Records for this task ::

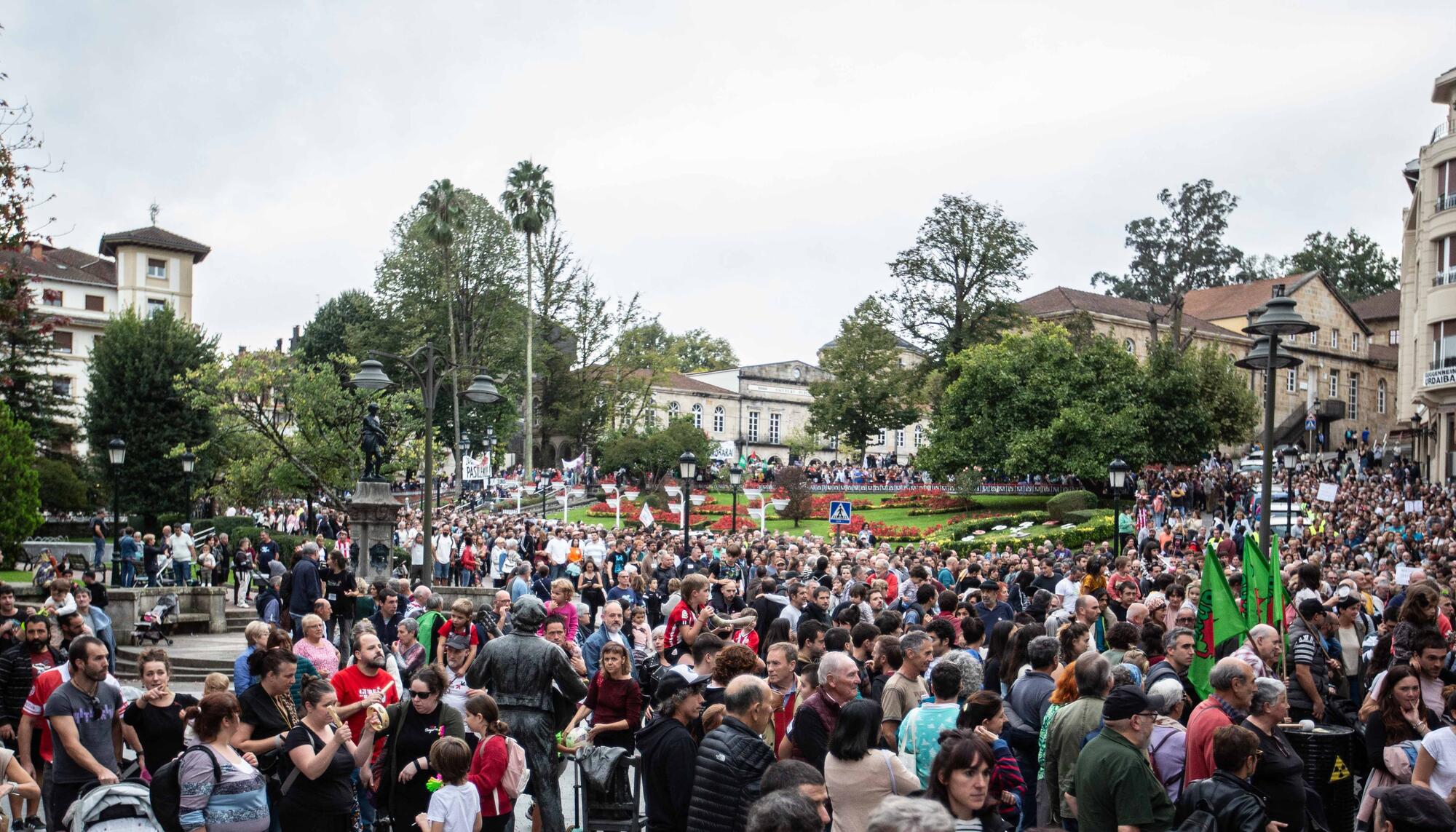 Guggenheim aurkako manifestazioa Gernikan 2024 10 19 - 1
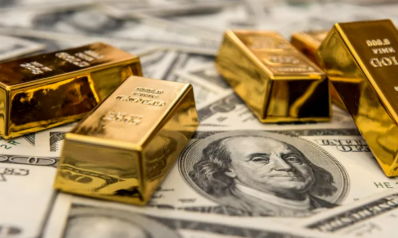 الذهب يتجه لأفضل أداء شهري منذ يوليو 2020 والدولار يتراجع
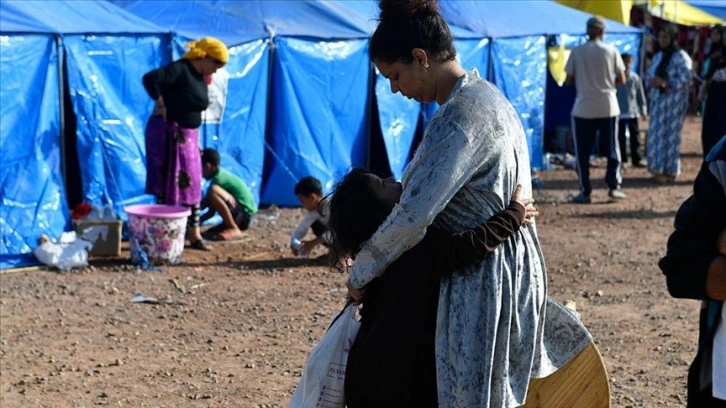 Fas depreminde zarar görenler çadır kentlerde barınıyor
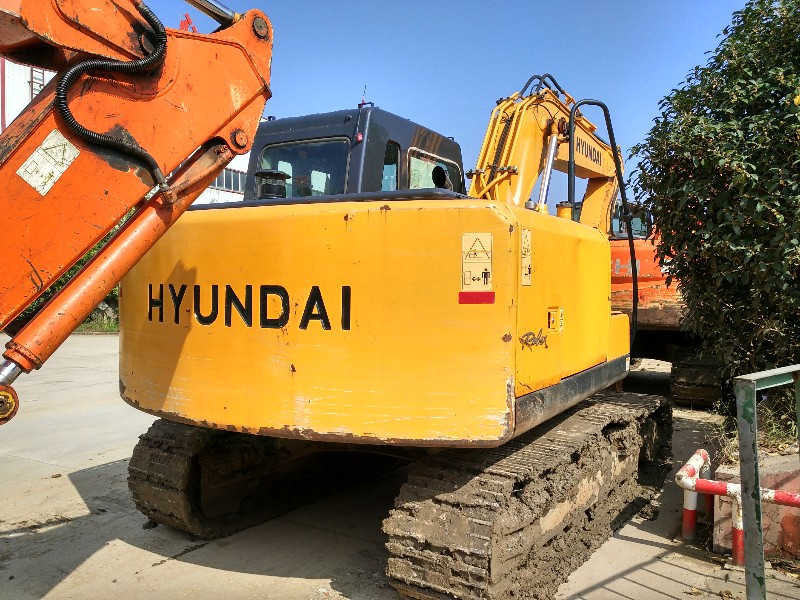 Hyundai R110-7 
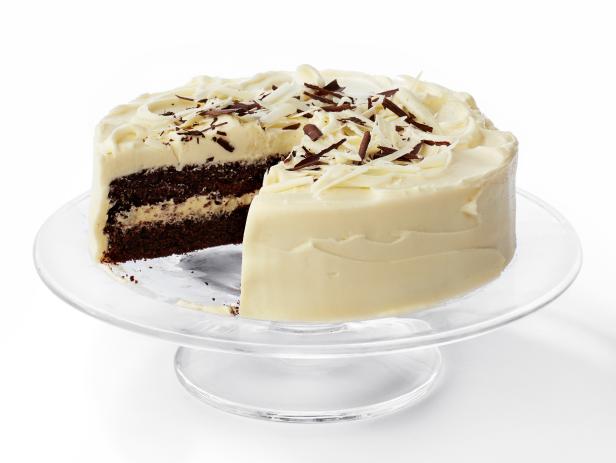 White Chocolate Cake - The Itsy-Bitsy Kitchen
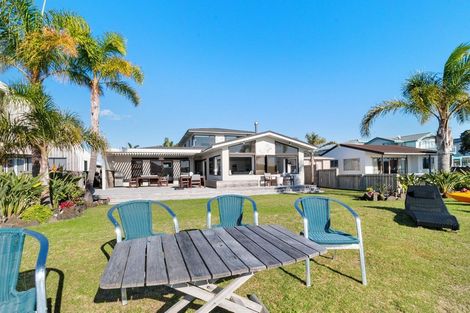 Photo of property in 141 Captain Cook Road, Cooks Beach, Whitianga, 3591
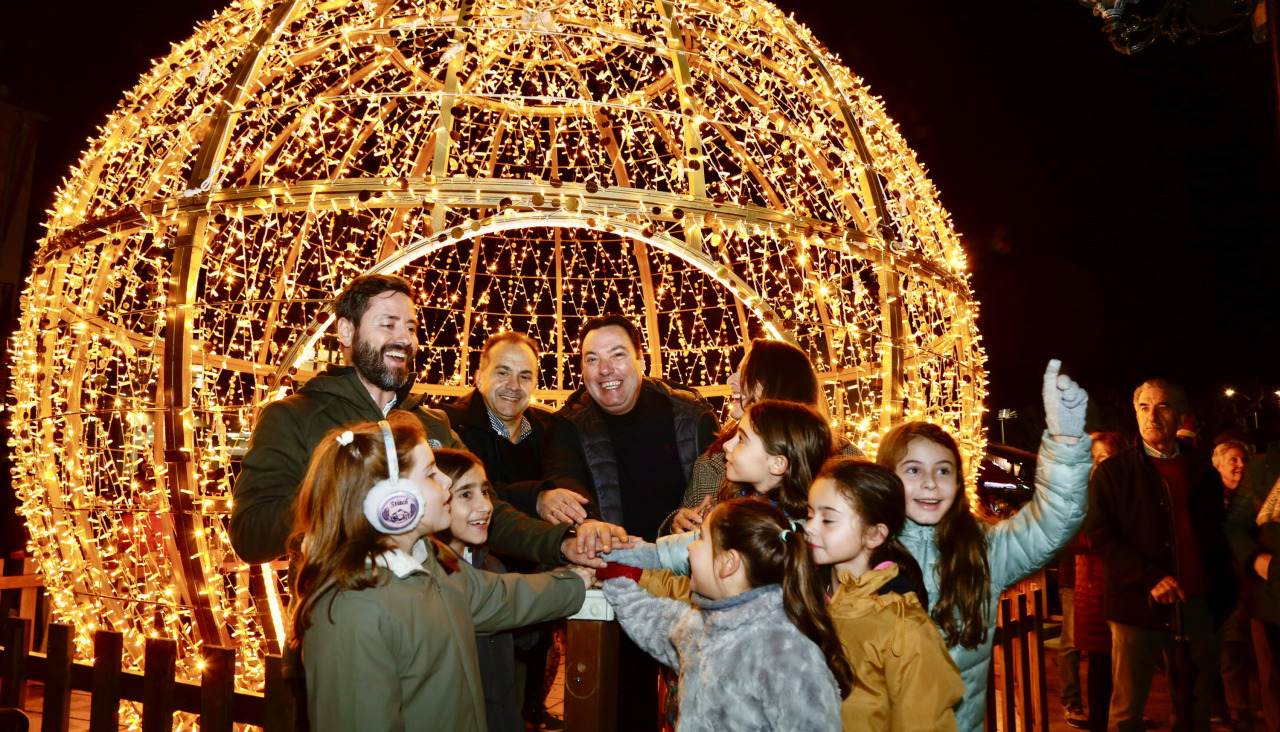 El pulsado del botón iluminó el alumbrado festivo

---

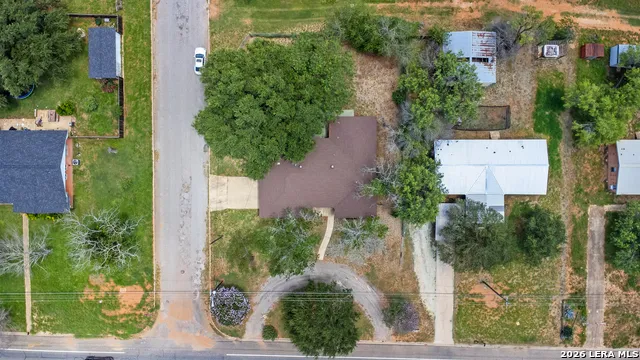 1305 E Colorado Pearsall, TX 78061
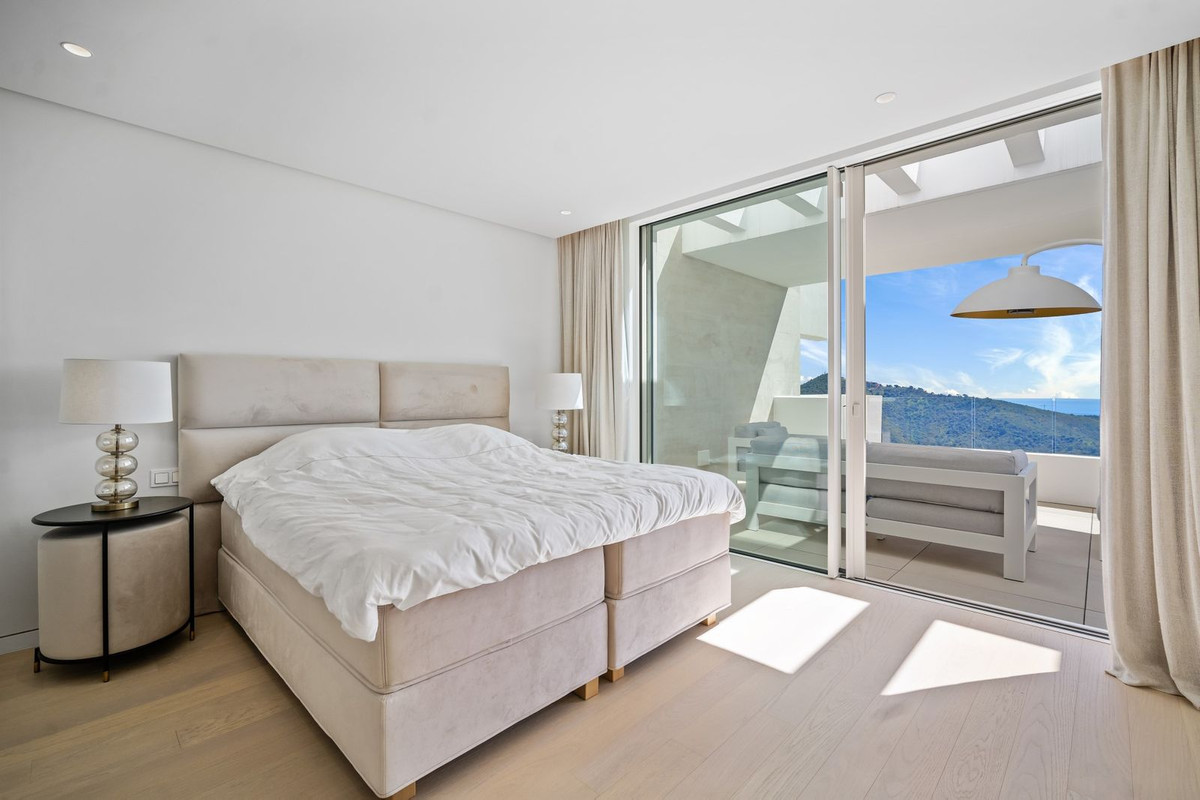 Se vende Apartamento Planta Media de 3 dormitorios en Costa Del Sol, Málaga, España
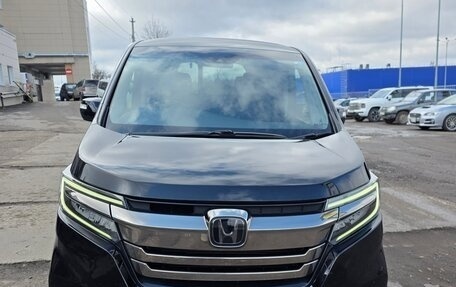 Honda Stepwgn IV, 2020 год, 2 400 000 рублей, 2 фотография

* * *

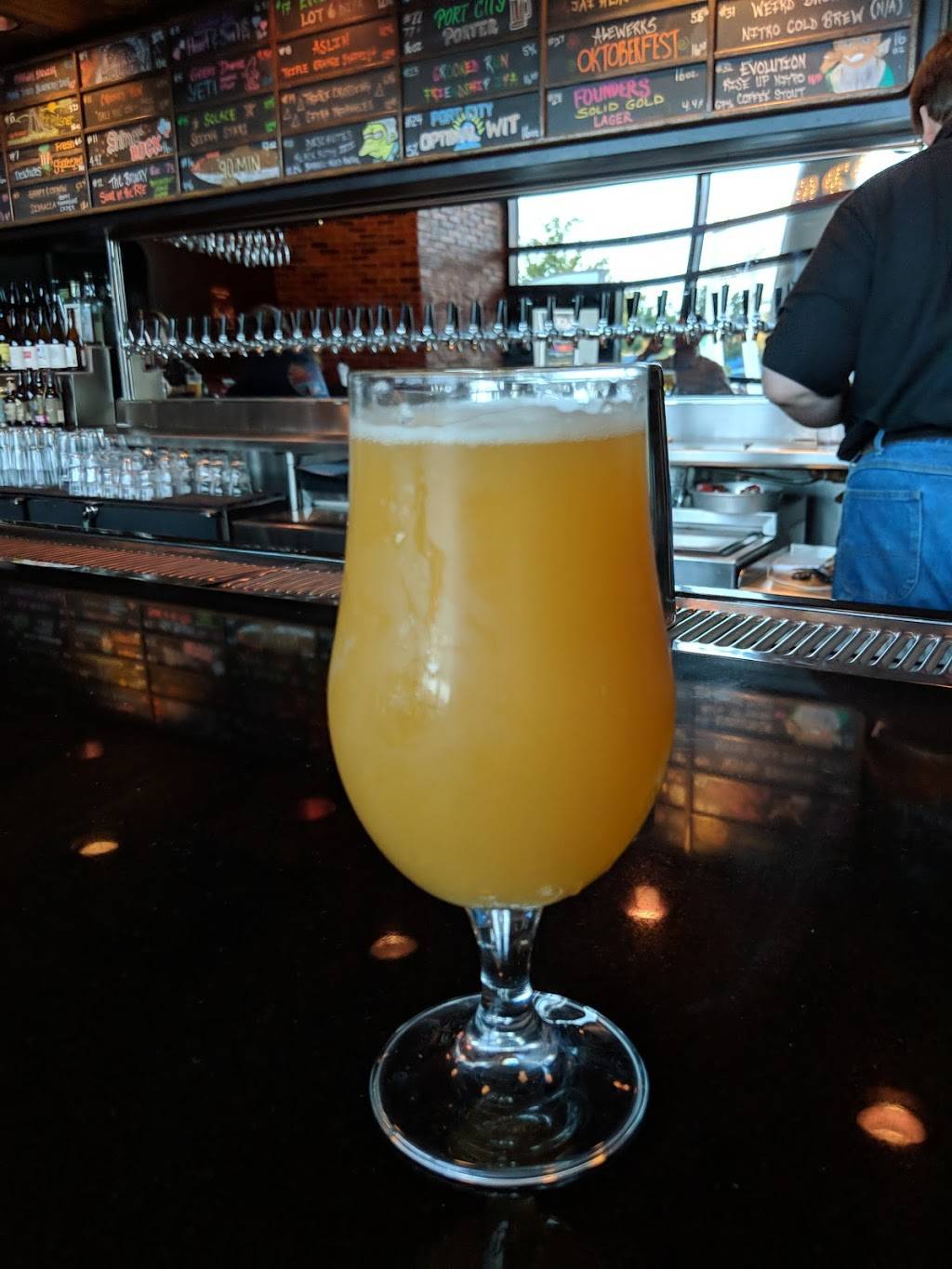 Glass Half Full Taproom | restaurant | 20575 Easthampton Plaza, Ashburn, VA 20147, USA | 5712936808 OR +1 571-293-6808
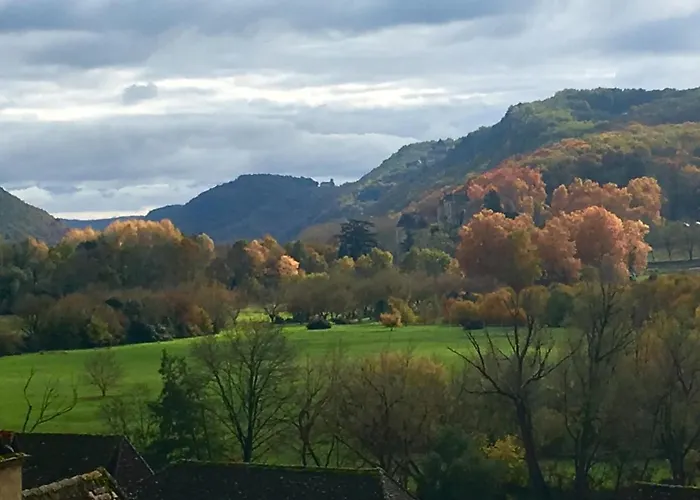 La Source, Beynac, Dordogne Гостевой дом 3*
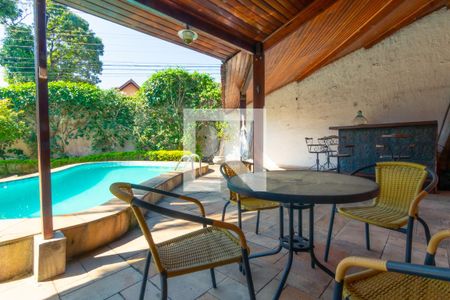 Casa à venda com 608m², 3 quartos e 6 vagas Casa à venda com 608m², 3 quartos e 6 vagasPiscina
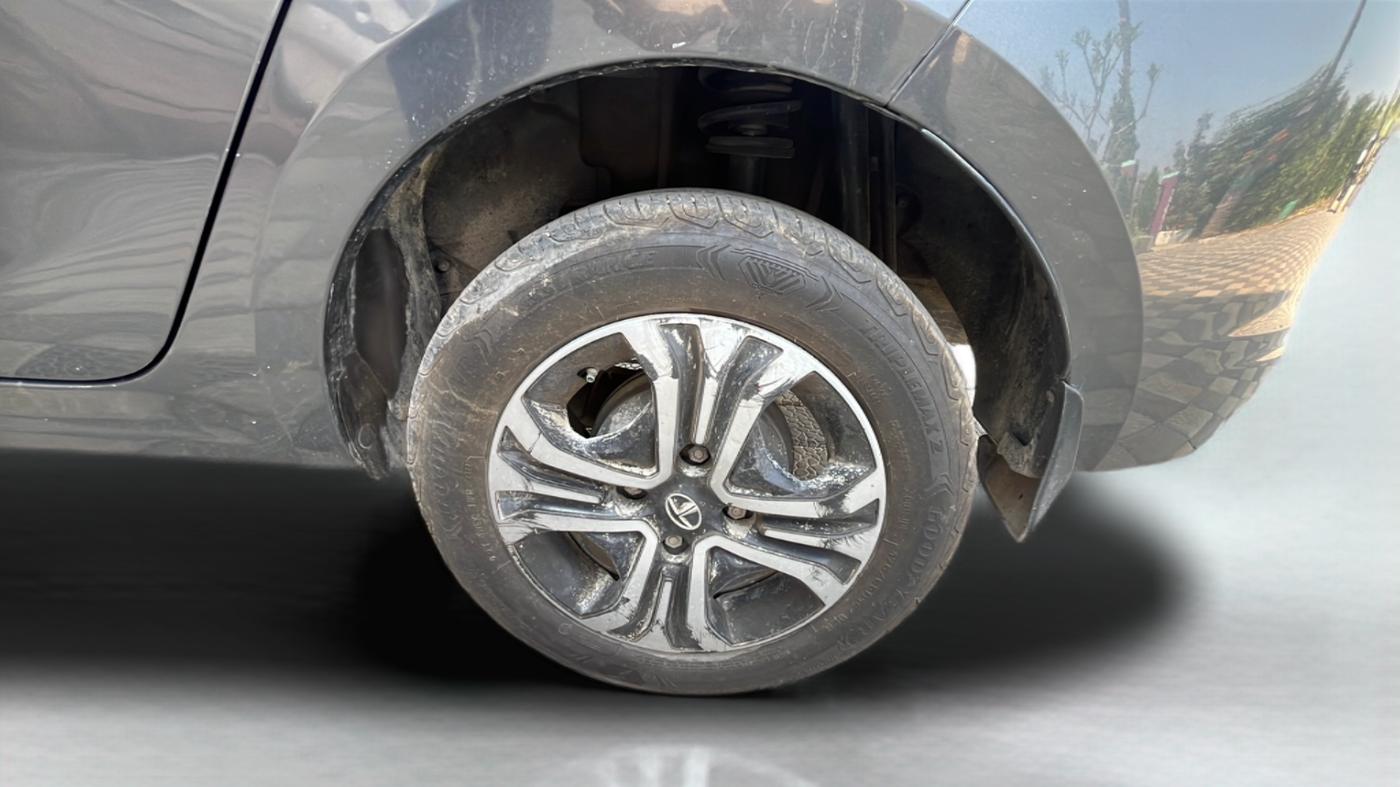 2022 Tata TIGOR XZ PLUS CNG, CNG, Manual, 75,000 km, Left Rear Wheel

Work instruction :: Transcribe, word for word, the stretch of lines in the data above from the one with "Photo of property" through the one with "El pulsado del"; omit all pictures.

Written response ::
 Photo of property in 141 Captain Cook Road, Cooks Beach, Whitianga, 3591
 El pulsado del botón iluminó el alumbrado festivo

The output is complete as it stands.